# Data Pre-processing Techniques
This notebook demonstrates various data pre-processing techniques using a demo dataset.

In [None]:
import pandas as pd

# Load dataset
df = pd.read_csv('demo_dataset.csv', parse_dates=['Signup Date'])
df.head()


## Outlier Detection

In [None]:
import seaborn as sns
import matplotlib.pyplot as plt

# Visualize outliers in income
sns.boxplot(x=df['Income'])
plt.title('Income Outlier Detection')
plt.show()


## Normalization vs Standardization

In [None]:
from sklearn.preprocessing import MinMaxScaler, StandardScaler

scaler_norm = MinMaxScaler()
scaler_std = StandardScaler()

df['Income_Norm'] = scaler_norm.fit_transform(df[['Income']])
df['Income_Std'] = scaler_std.fit_transform(df[['Income']])
df[['Income', 'Income_Norm', 'Income_Std']]

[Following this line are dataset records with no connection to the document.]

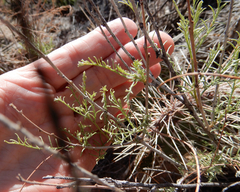 Parryella filifolia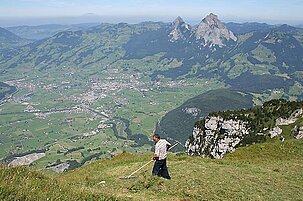 57616_8.jpg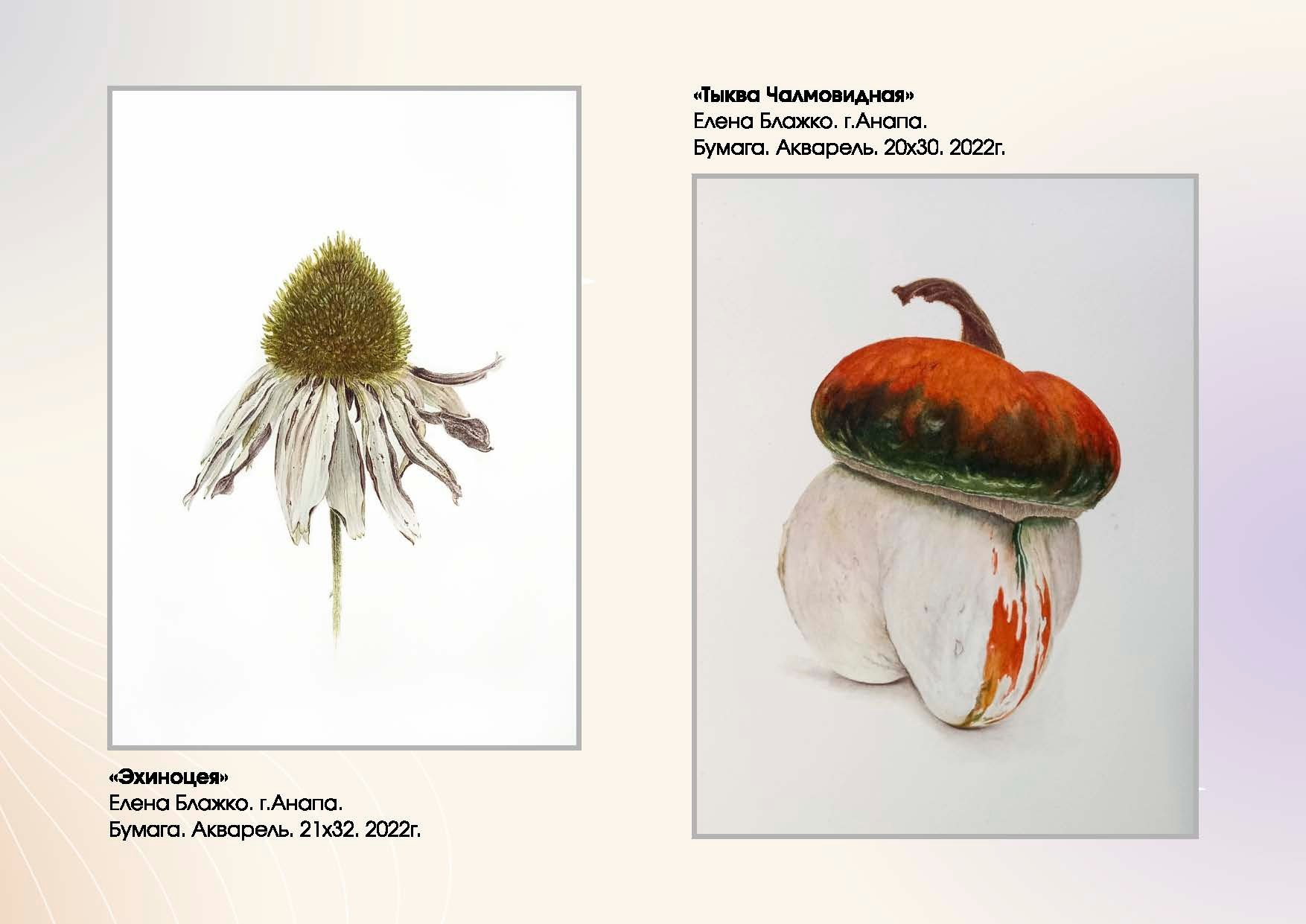 Блажко Елена Владленовна. Галерея участников Российской Премии Искусств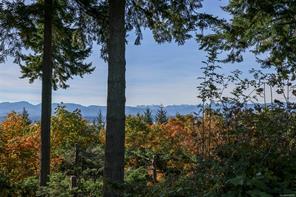1183 Moore Rd — listing photo 71 of 72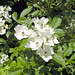 Allison Flowers Photo 17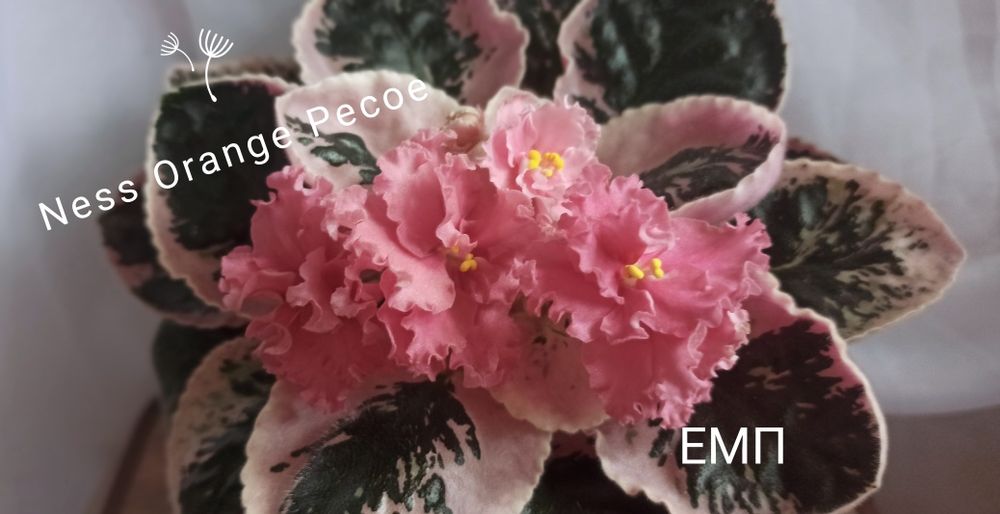 Цветущие фиалки продам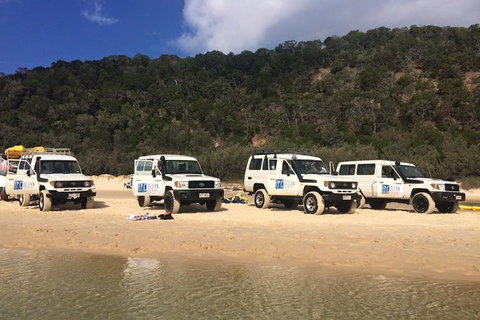 Kayak With Dolphins And 4WD Great Beach Drive Day Trip From Noosa - Accommodation Mount Tamborine 9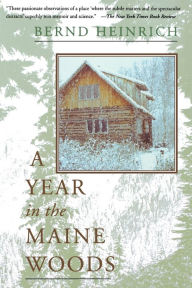 Title: A Year In The Maine Woods, Author: Bernd Heinrich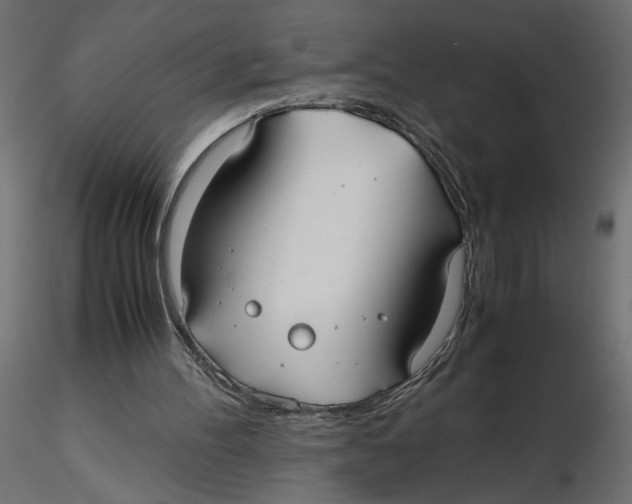 X0000116560100200912311941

## Encoding Categorical Variables

In [None]:
from sklearn.preprocessing import LabelEncoder

# Label Encoding
le = LabelEncoder()
df['Gender_Label'] = le.fit_transform(df['Gender'])

# One-Hot Encoding
df_encoded = pd.get_dummies(df, columns=['Purchased'], drop_first=True)
df_encoded.head()


## Feature Scaling, Polynomial Features, and Interaction Terms

In [None]:
from sklearn.preprocessing import PolynomialFeatures

# Example with Age and Income
poly = PolynomialFeatures(degree=2, interaction_only=True, include_bias=False)
poly_features = poly.fit_transform(df[['Age', 'Income']])
poly_df = pd.DataFrame(poly_features, columns=poly.get_feature_names_out(['Age', 'Income']))
df = df.join(poly_df)
df.head()


## Handling Time Series/Date Features

In [None]:
# Extracting features from Signup Date
df['Signup_Month'] = df['Signup Date'].dt.month
df['Signup_Weekday'] = df['Signup Date'].dt.weekday
df[['Signup Date', 'Signup_Month', 'Signup_Weekday']]